Dans la lignée des romans italiens illustrant Rome comme cadre idéal d'histoires morbides, Mariano Sabatini met en scène la capitale italienne qui, loin de la splendeur de la "grande bellezza", sert de toile de fond à une histoire de pouvoir et de corruption où la violence éclate et règne sur les corps et les coeurs, contaminant les liens sociaux, publiques et privés.

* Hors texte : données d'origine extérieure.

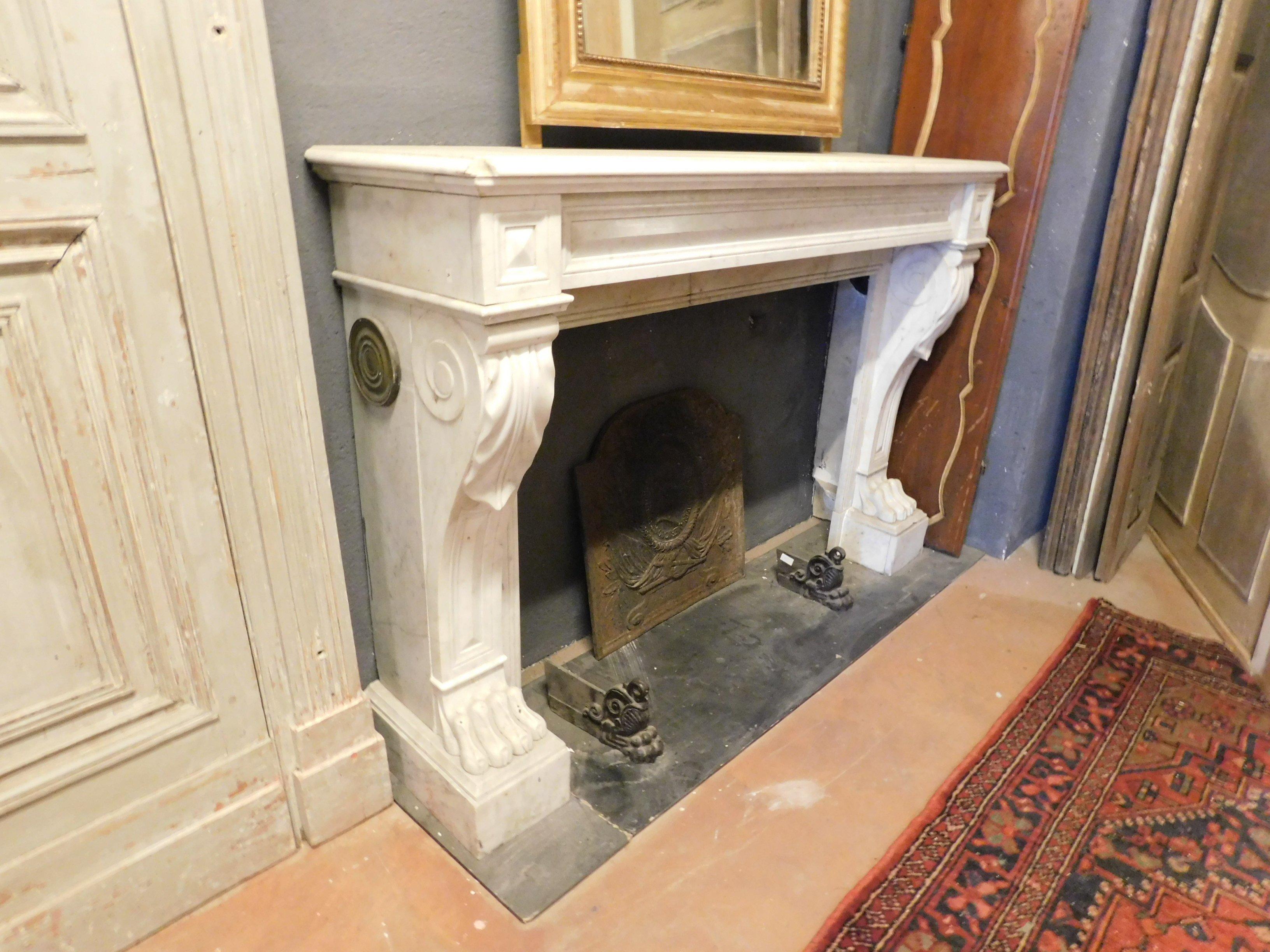 Italian Antique Empire Style Fireplace, White Carrara Marble, Lion Paws, 1800 France For Sale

Le lecteur plonge très vite dans le vif du sujet: le premier personnage, le commendatore, riche entrepreneur véreux de 80 ans qui brigue la mairie de Rome, passe au bout de quelques pages de vie à trépas à la vitesse d'une lame de couteau acérée. Une journaliste venue l'interviewer découvre le cadavre mutilé dans sa somptueuse villa. C'est alors qu'entre en scène un troisième personnage singulier, Leo Malinverno, "journaliste par vocation, séducteur par nature et détective malgré lui". C'est lui qui va mener l'enquête en fin limier, meilleur que les policiers avec qui il collabore. La tâche n'est pas simple, peut être dangereuse, tant la victime avait d'ennemis. Mais c'est sans compter avec la beauté, l'intelligence, la générosité, le tact de l'homme qui, de plus, est bon vivant et grand connaisseur de bonne cuisine. Le portrait est flatteur...mais définitivement très attachant. Il est évident que l'auteur éprouve de la sympathie pour ses personnages, même, et je dirais surtout, quand il dévoile leurs côtés moins alléchants, voire désagréables, leurs faiblesses et leurs vices. Le rythme soutenu des rebondissements tragiques et violents est entrecoupé de moments nostalgiques, de courts instants de bonheur. L'auteur nous entraîne à travers cette ville qu'il aime, décrivant ses quartiers riches et pauvres, sous une pluie diluvienne ajoutant encore à l'ambiance d'une puanteur malsaine et fangeuse. Leo y cherche à élucider les intrigues, non sans un sens aigu de la psychologie. Avec agilité et rigueur, ironie et légèreté, il déjoue les noeuds de mensonges et de secrets qui gangrènent la société romaine, un clin d'oeil au beau titre du livre - l'imposture du marronnier - arbre trompeur au fruit non comestible.
Le livre a obtenu le prestigieux prix Flaiano en 2017.